数字は3つまでならいいが、逆から4つ言うのはむずかしい。
ハンカチと時計の間に、何かあった気がするが、いまだに思い出せない。
及川ミッチー医師の独特な滑舌は、いつにも増して、真摯だ。
アルツハイマーのテストは、私がやっても、かなりヤバイ。
そう言えば最近、むずかしい事を覚える気が、まるでない。
受け入れるしかない病の前で ただ泣くだけ
部下が、自分の名前を書いたポラロイドを渡すなんて、ありそうもないが、
「忘れないで。」を受け取ったら泣けた。
取り引き先の課長が、はげましの電話なんて、しそうもないが、
「忘れないよ。

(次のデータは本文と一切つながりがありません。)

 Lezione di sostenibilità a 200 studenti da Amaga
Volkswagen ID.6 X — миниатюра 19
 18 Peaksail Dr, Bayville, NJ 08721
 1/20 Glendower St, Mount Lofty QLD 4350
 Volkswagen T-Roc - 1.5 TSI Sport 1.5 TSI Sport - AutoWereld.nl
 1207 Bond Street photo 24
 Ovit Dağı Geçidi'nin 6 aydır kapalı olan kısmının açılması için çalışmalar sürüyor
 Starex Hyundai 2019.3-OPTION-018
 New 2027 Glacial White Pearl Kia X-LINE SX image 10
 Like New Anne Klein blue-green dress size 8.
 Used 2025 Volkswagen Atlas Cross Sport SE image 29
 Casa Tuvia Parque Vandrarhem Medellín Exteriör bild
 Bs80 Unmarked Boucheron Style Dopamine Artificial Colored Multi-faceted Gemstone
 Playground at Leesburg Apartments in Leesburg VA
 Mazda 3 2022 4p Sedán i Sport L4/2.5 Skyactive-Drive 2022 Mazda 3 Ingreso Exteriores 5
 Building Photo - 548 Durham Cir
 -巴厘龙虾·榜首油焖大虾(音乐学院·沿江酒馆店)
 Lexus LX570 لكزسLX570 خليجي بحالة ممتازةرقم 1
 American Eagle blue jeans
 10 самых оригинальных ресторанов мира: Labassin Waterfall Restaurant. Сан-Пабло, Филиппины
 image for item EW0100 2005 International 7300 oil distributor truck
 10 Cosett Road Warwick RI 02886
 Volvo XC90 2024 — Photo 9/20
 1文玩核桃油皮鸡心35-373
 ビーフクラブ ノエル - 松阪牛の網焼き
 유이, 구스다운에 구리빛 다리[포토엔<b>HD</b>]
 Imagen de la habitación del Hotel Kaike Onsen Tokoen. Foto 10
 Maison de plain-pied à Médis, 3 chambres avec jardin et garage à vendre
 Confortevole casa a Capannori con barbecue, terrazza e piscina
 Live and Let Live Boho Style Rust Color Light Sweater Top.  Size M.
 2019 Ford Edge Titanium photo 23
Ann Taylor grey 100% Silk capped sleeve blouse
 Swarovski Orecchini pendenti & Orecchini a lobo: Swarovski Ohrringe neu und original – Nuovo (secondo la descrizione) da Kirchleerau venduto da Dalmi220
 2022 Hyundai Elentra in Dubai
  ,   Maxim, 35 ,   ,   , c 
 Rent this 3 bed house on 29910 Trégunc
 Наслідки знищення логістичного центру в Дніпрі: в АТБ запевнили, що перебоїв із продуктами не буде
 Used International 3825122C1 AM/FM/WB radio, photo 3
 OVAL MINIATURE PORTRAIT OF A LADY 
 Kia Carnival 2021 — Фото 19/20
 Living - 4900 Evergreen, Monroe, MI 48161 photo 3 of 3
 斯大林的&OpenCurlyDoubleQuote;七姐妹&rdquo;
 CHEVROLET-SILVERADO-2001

」が伝わってきて泣けた。
とり乱す主人公と一緒に、激しく泣けた。
やがて自分が入るであろう施設を見に行くのは、
大好きな小説「アルジャーノンに花束を」にもあったなぁ。
渡辺謙もすっかり、健康的なハリウッド・スターになってしまったかと思っていたが、
患う者としてのスタンスは、忘れていなかったように思う。
「脳」が笑う
祖父の弟は、食事中に倒れ、そのまま急死したが、
死ぬ直前に、笑ったような表情をしたと言う。
いつも静かで、最期まで面倒をかけずに、
ニヤリと笑って逝くなんて、粋な感じがしたが、
死因は「脳」にあったらしい。
まったく違うタイプの記憶映画「メメント」
前向性健忘症で、10分前の事さえ、覚えていられない男のサスペンス。
ストーリーが10分ごとに過去にさかのぼるので、1度観ただけではわかりにくいが、
すごく斬新で切なかった。
正常であっても 衰える自分を認めるのは辛い
「時事放談」の宮澤喜一氏は、退いてなお、インテリの風格を増し、
矢沢永吉の腹は、出ていなくてカッコイイが、
美しく老いる事は、ただでさえむずかしい。
できない事が増え、プライドがけずられていく。
頭も心も、すきまだらけになる。
「生きてさえいれば」なんて、本当に思えるだろうか。
忘れた事さえ忘れてしまえるなら、楽なのだろうか。
私は私の「メメント」をたどる
私は「記録魔」である。覚えてられなきゃ書けばいい!(笑)
自分を1番知っているのは、自分でありたい。
そしていつまでも、自分を覚えていたい。
関わった全てと共に。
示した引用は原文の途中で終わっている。